But, the links open a scam website that claims that you must log in with your Facebook username and password before you can access the supposed video or photo. Criminals can harvest the information you supply and use it to take control of your Facebook account.
And, of course, you will never get to see the promised photo or video, which never existed in the first place.
Other versions may claim that you should click to view a “breaking news” report or “urgent” warning. Again, the link will lead to a fake Facebook site that is designed to steal your login credentials and other personal information.
You might be more inclined to believe these messages and click on them because they appear to have been sent by one of your Facebook friends.
Why would a friend send you such a message? Often, you receive these messages because your friend’s Facebook account has been hijacked by scammers and used to distribute more of the same scams. In other cases, the bogus messages may have been sent from a cloned account and did not actually come from your friend at all.
Bogus Admin Messages
Some phishing scam messages may simply claim that Facebook is performing an update and you must click a link to log in to your “updated” account.
Or, they may claim that some of your account or credit card details appear to be out of date and must be verified by clicking a link and following the instructions.
As with other types of Facebook phishing, the links open fraudulent websites that try to trick you into first entering your Facebook login credentials and then filling in a bogus “verification” or “update’ form.
Use Caution and Common Sense
If you receive a message or email that seems to have some of the characteristics that I’ve discussed above, then, proceed with caution.

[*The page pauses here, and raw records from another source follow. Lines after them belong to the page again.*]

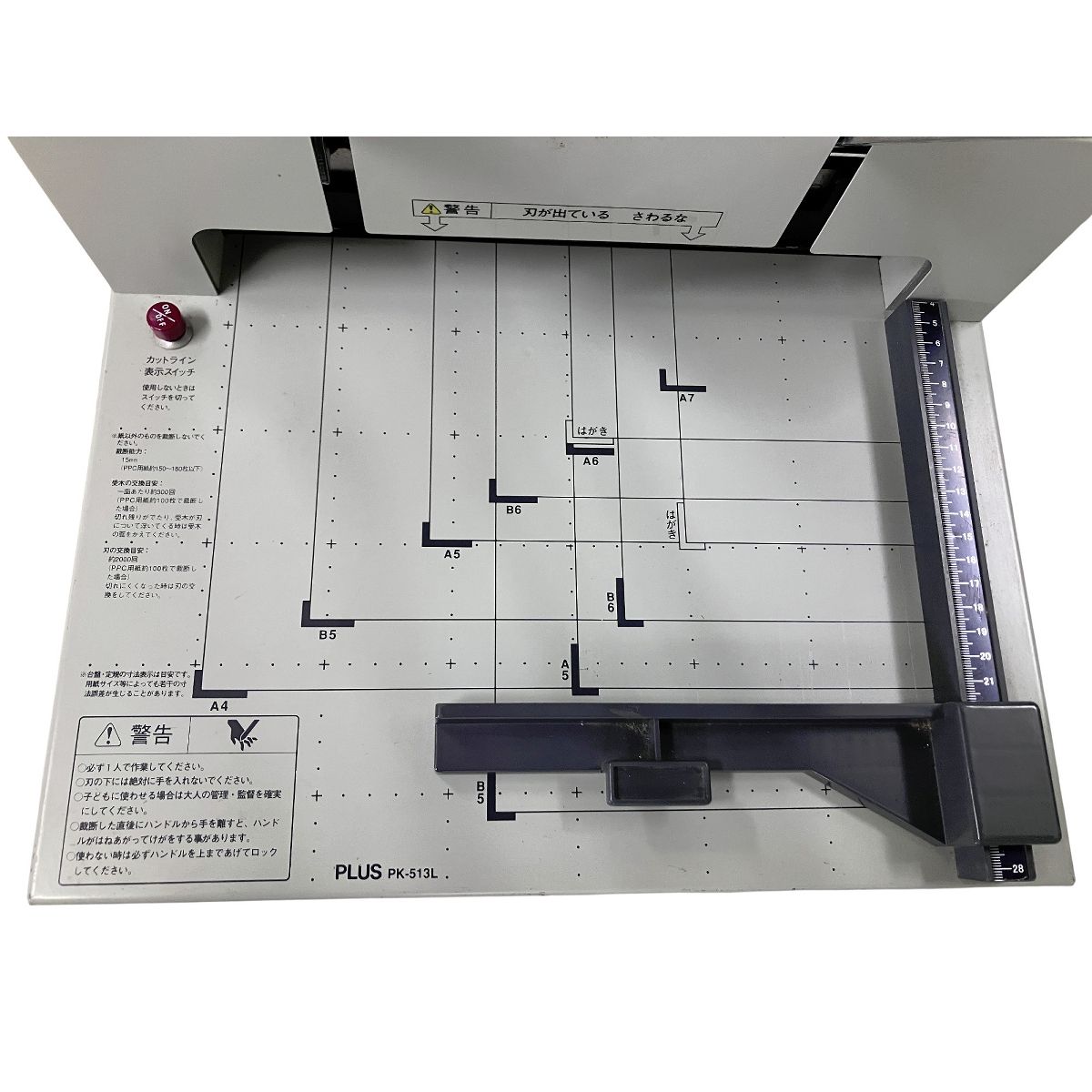 プラス O9878431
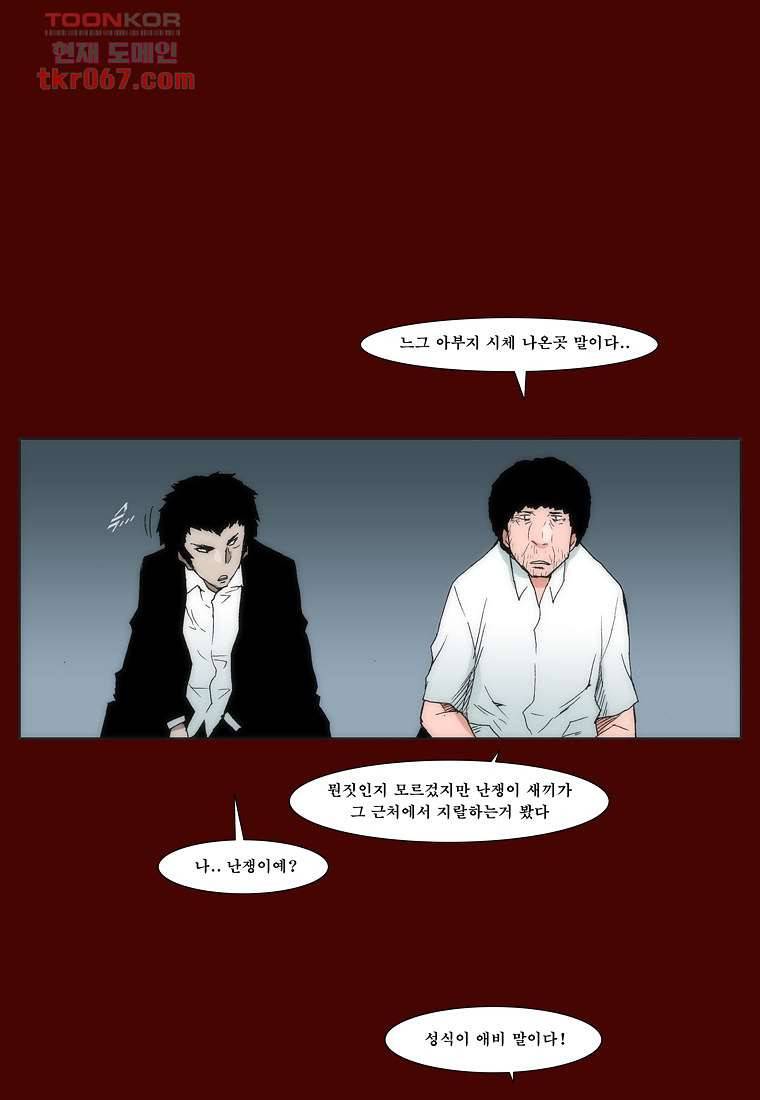 장마 22화 11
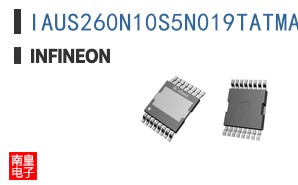 IAUS260N10S5N019TATMA1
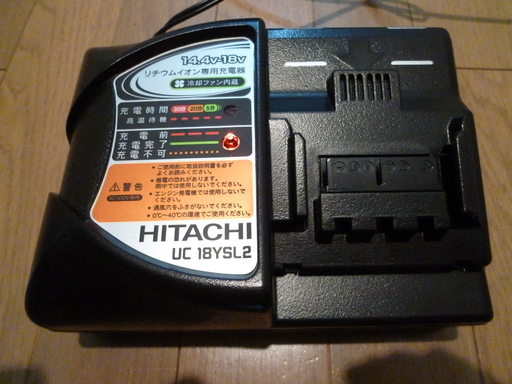 HITACHI日立工機★HiKOKI(ハイコーキ)★14.4V-18V  急速充電器★UC18YSL2★美品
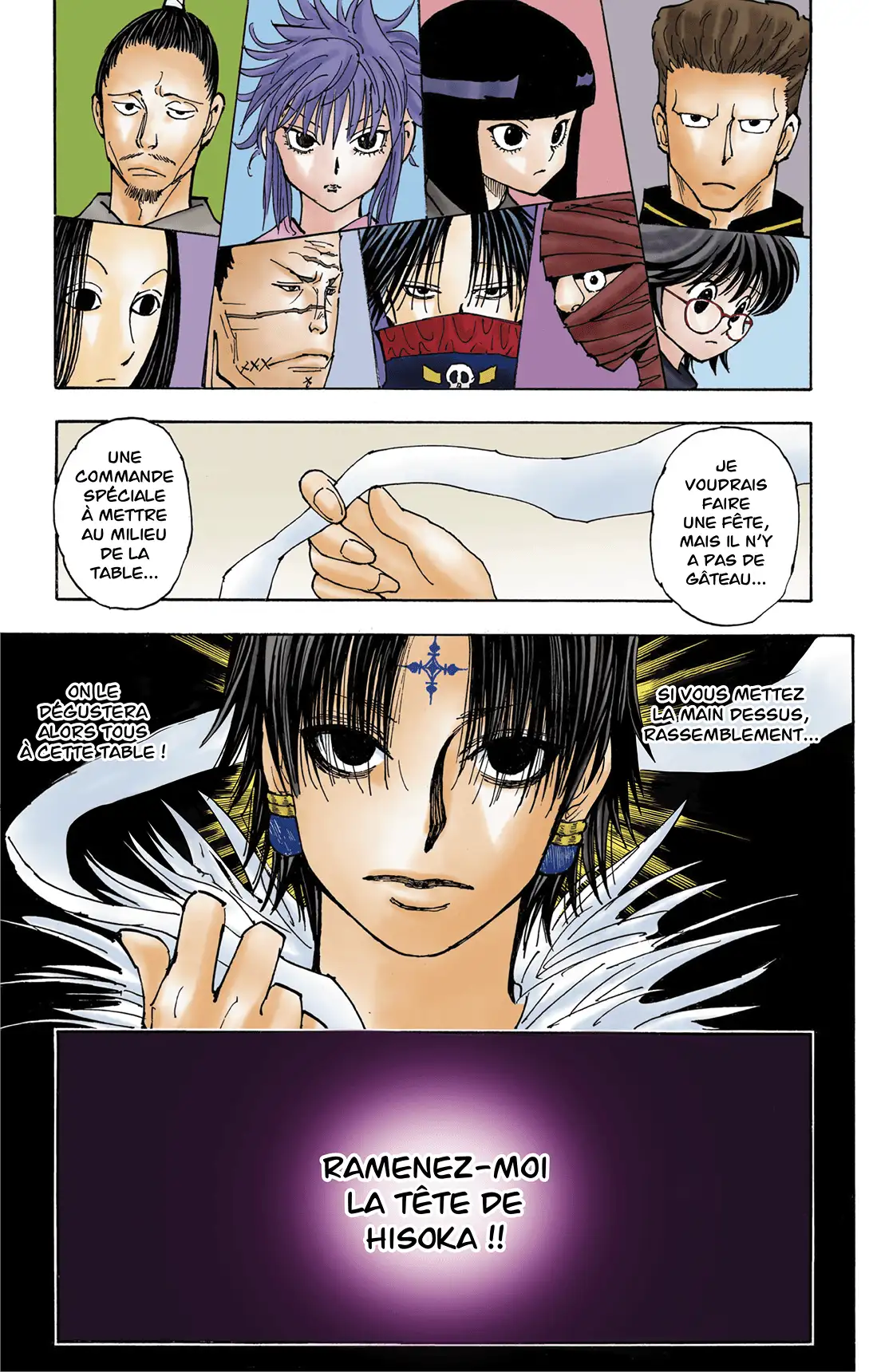 Hunter-hunter-page-17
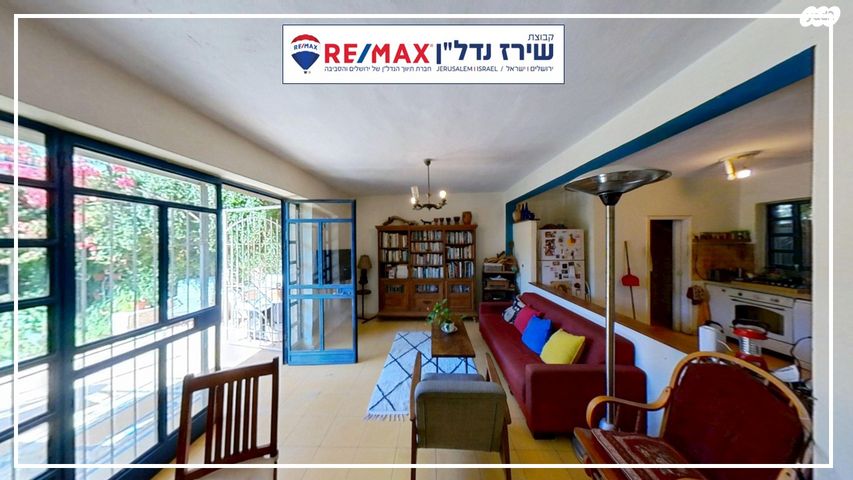 דו משפחתי, יצחק מ. בודנהיימר 7, קרית היובל, ירושלים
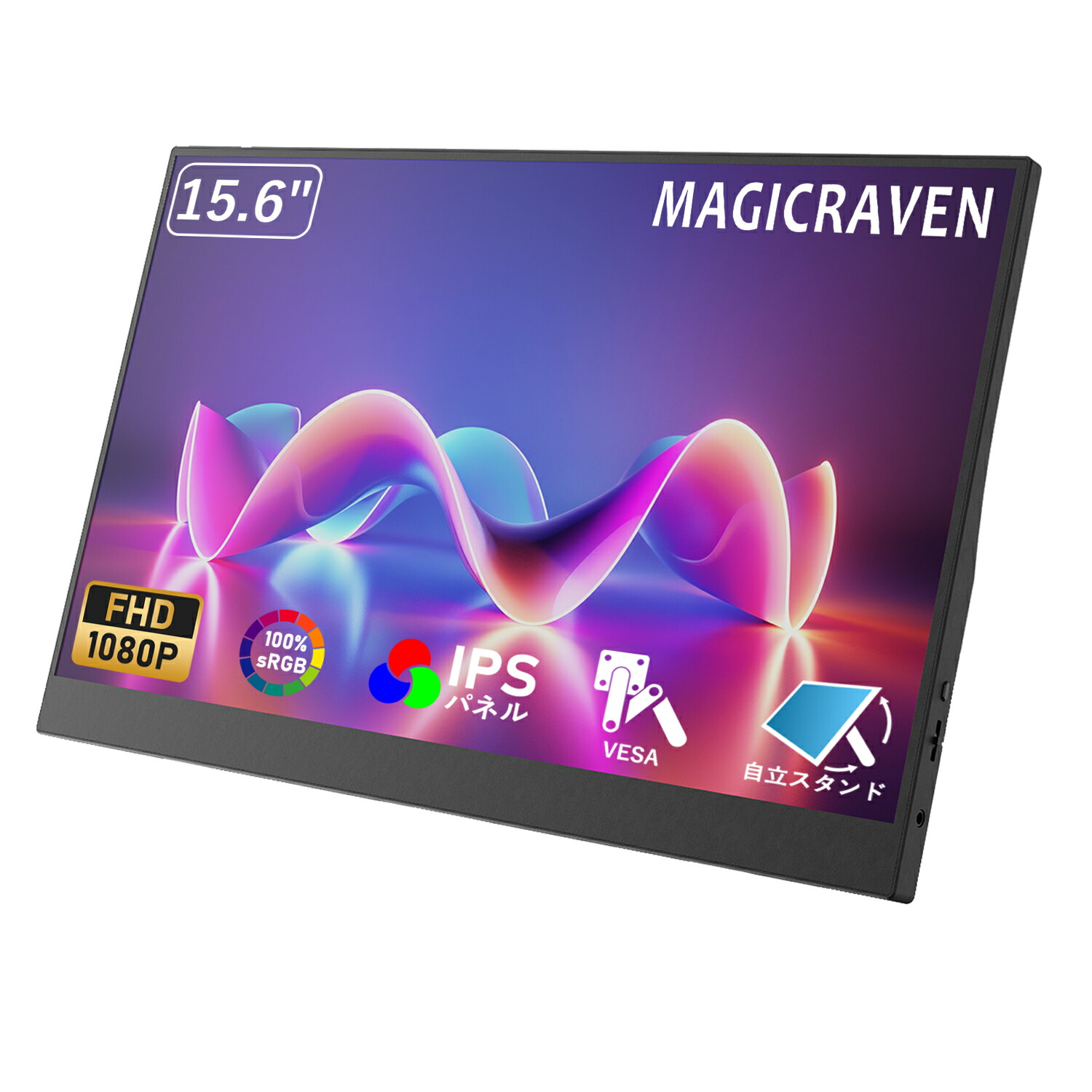 楽天市場】【台数限定】【中古】モバイルモニター 15.6インチ ARZOPA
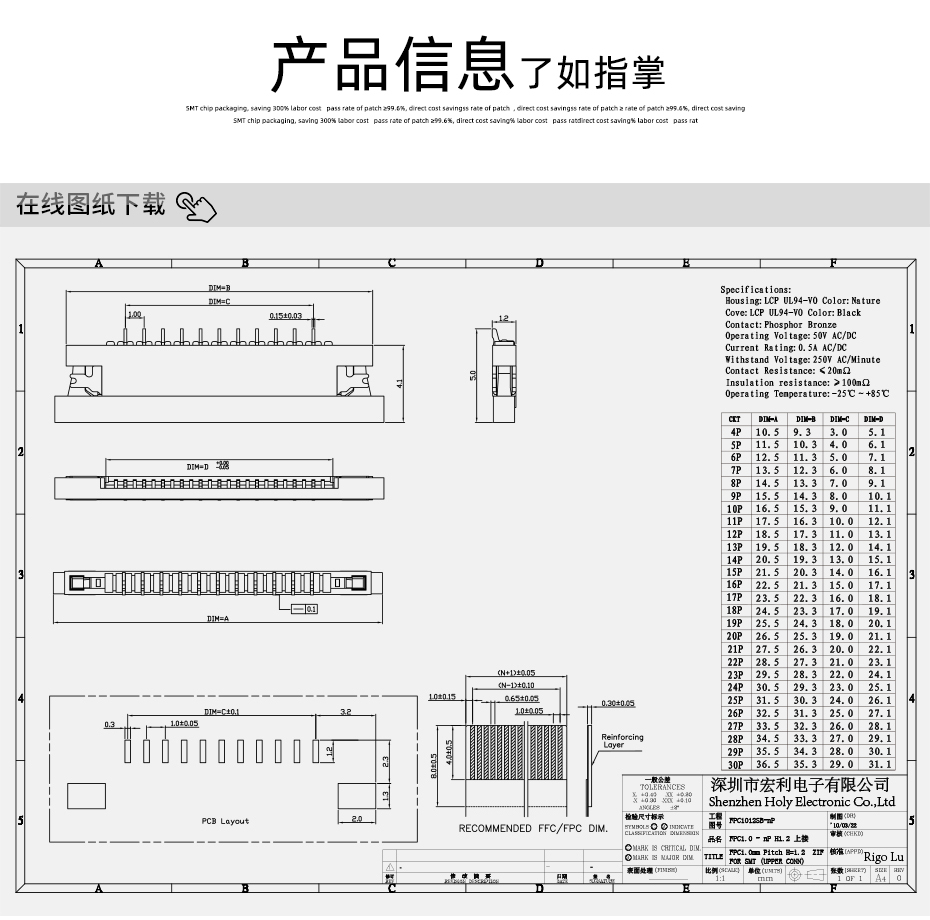 FPC插座，扁平软排线插座连接器,FFC接插件1.0间距6P上接抽屉式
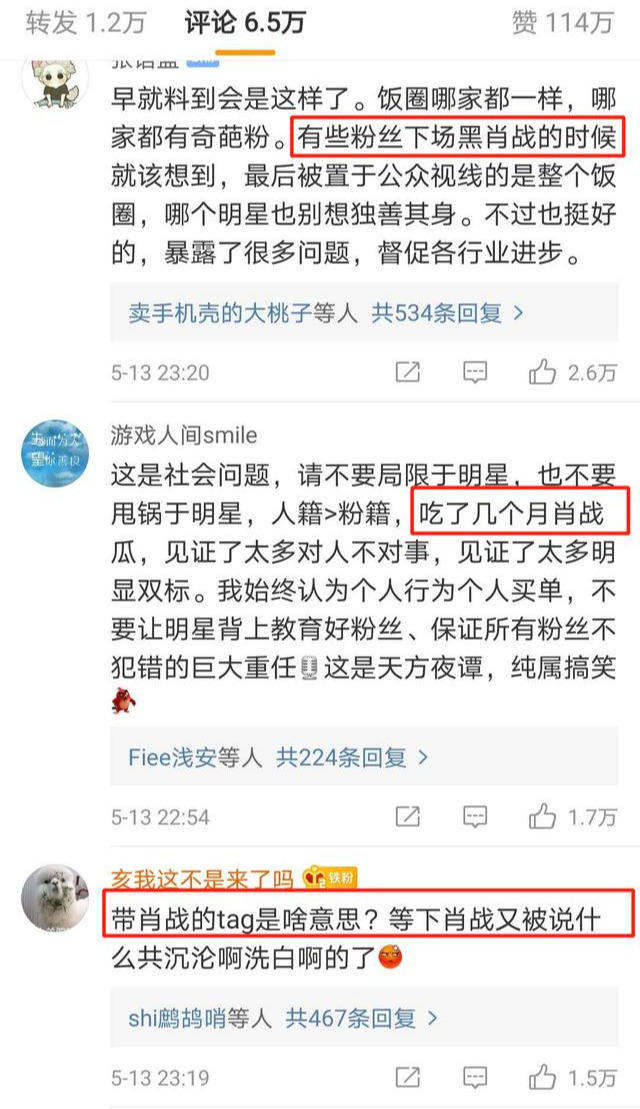 王俊凯的粉丝素质真的好！被利用了还平躺任嘲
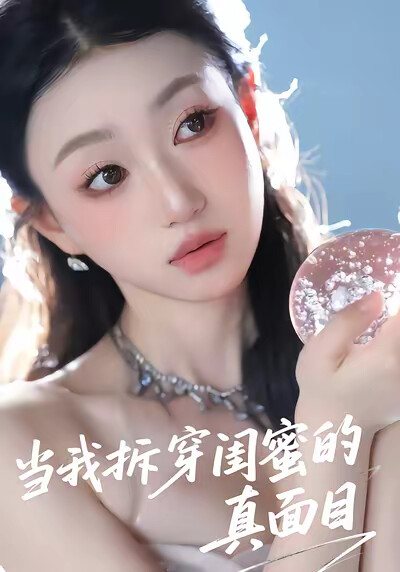 《当我拆穿闺蜜的真面目》剧照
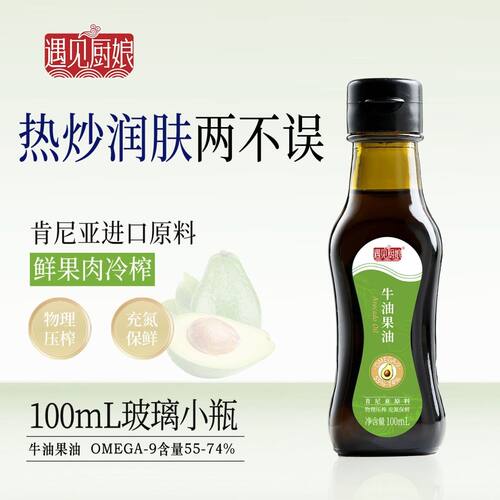 晟麦肯尼亚冷榨牛油果油辅食热炒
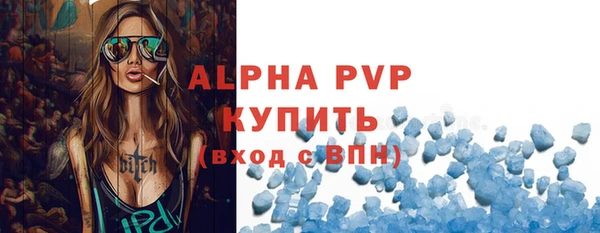 ПСИЛОЦИБИНОВЫЕ ГРИБЫ Нефтегорск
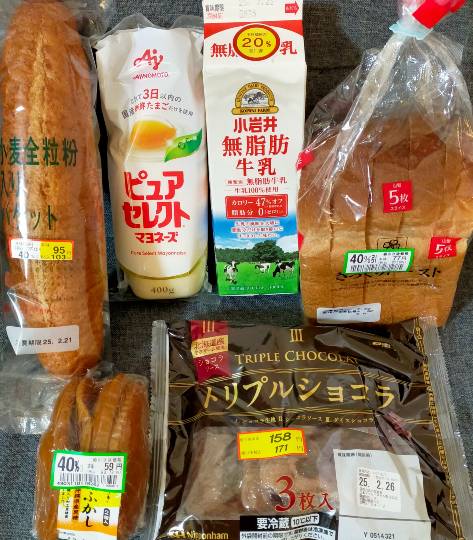 ★ドンキ♡♡ロピア雑談113★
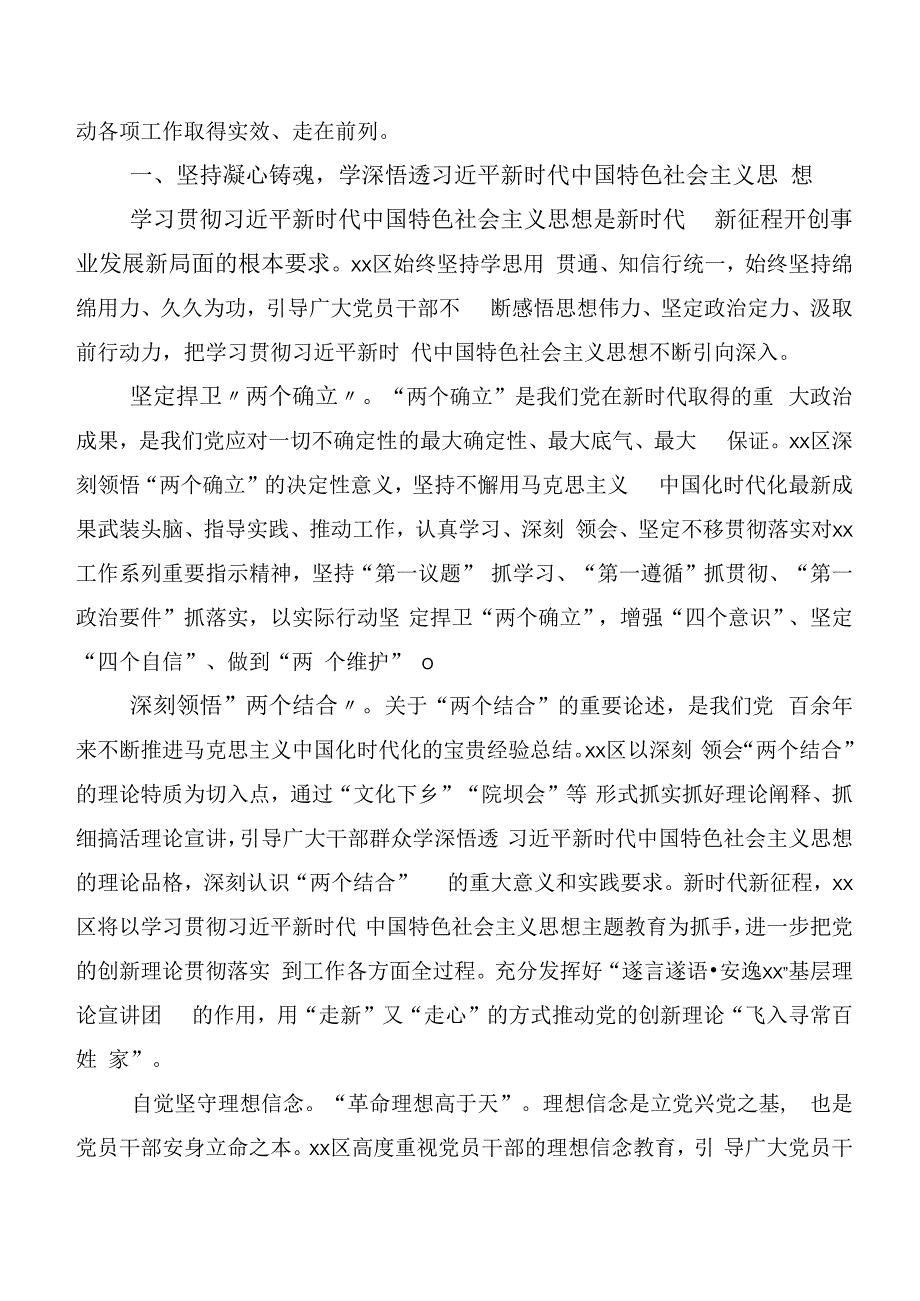 深入学习贯彻2023年主题教育的研讨发言材料多篇汇编.docx_第3页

Don’t click any links in the messages.
Instead, log in to Facebook either by entering the address into your browser’s address bar or via an official Facebook app.
If you do receive a message from Facebook about an account issue, it will not threaten an immediate account suspension if you do not click a link. Genuine Facebook messages will not directly ask for your account password or other identifying information such as social security or driver’s licence numbers.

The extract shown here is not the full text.